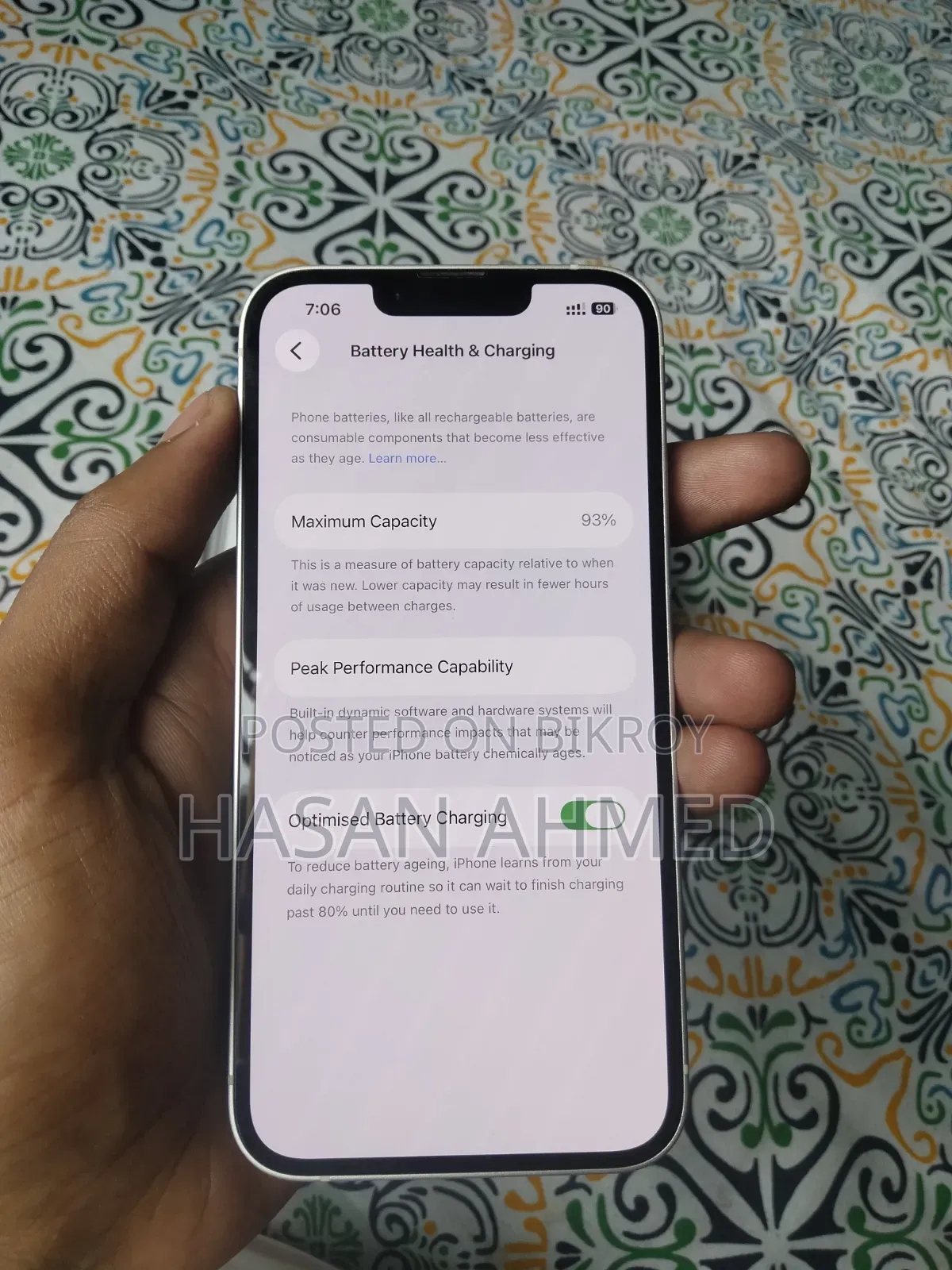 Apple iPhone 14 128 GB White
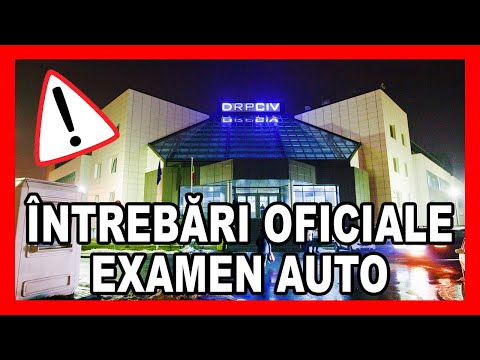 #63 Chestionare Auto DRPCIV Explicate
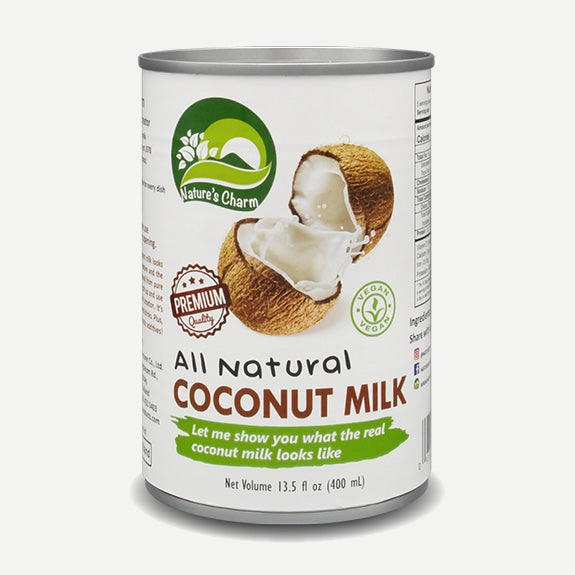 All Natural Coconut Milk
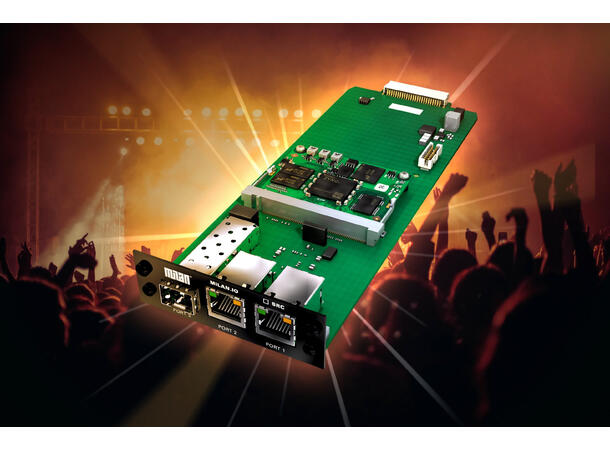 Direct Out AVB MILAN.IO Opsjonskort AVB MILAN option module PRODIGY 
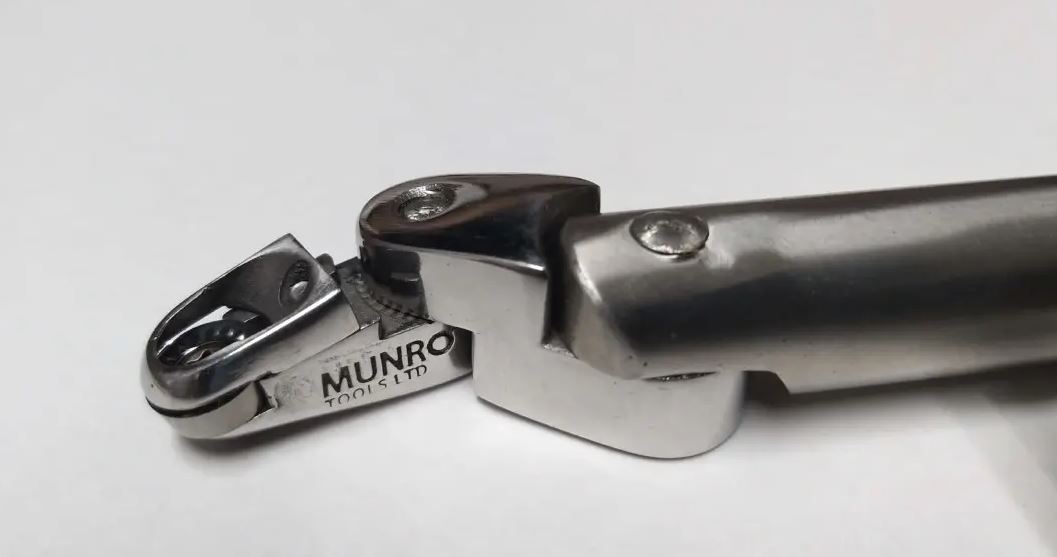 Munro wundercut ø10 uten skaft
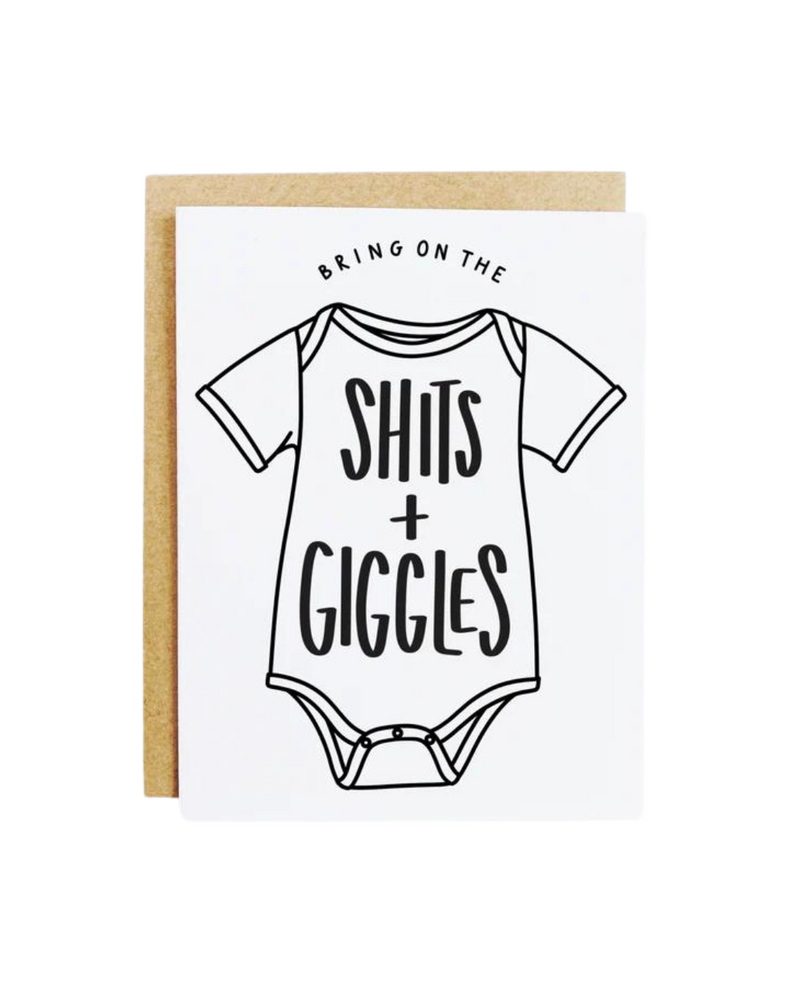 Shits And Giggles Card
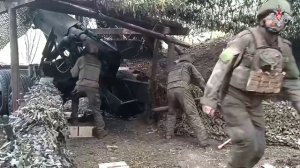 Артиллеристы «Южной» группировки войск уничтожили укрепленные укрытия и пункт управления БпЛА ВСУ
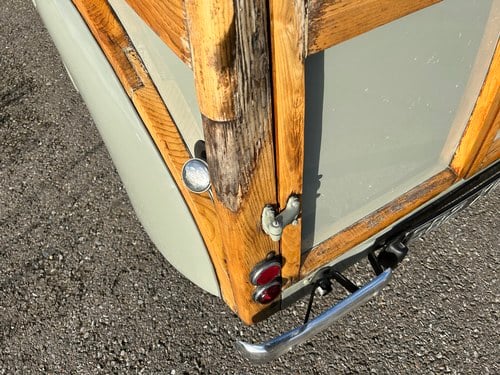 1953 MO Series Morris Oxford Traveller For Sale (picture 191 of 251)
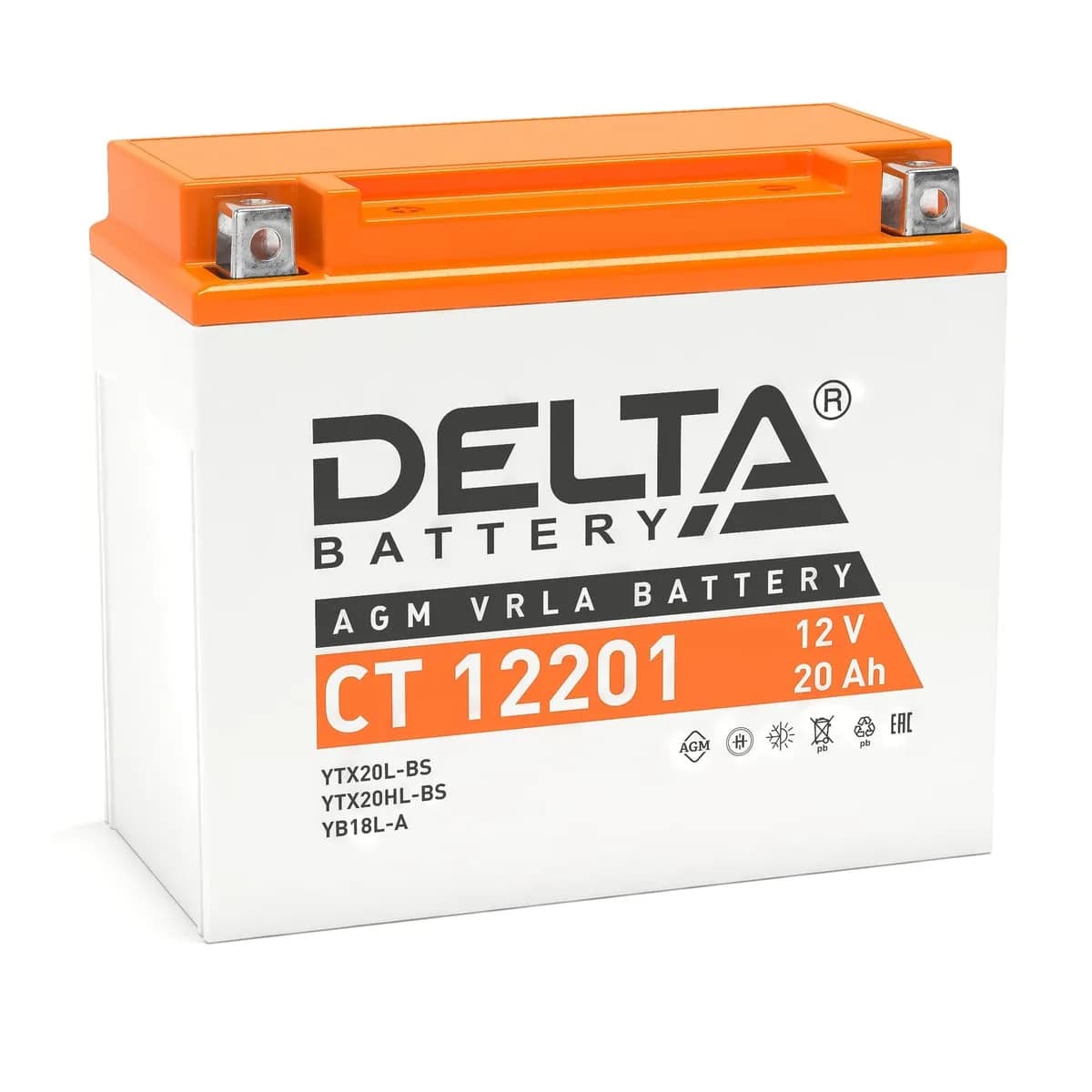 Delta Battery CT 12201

- - -

## EXERCISE DESCRIPTION
Full transcription without images: please go through the records and repeat them exactly.

## EXERCISE SOLUTION
 Apple iPhone 14 128 GB White
 #63 Chestionare Auto DRPCIV Explicate
 All Natural Coconut Milk
 Direct Out AVB MILAN.IO Opsjonskort AVB MILAN option module PRODIGY 
 Munro wundercut ø10 uten skaft
 Shits And Giggles Card
 Артиллеристы «Южной» группировки войск уничтожили укрепленные укрытия и пункт управления БпЛА ВСУ
 1953 MO Series Morris Oxford Traveller For Sale (picture 191 of 251)
 Delta Battery CT 12201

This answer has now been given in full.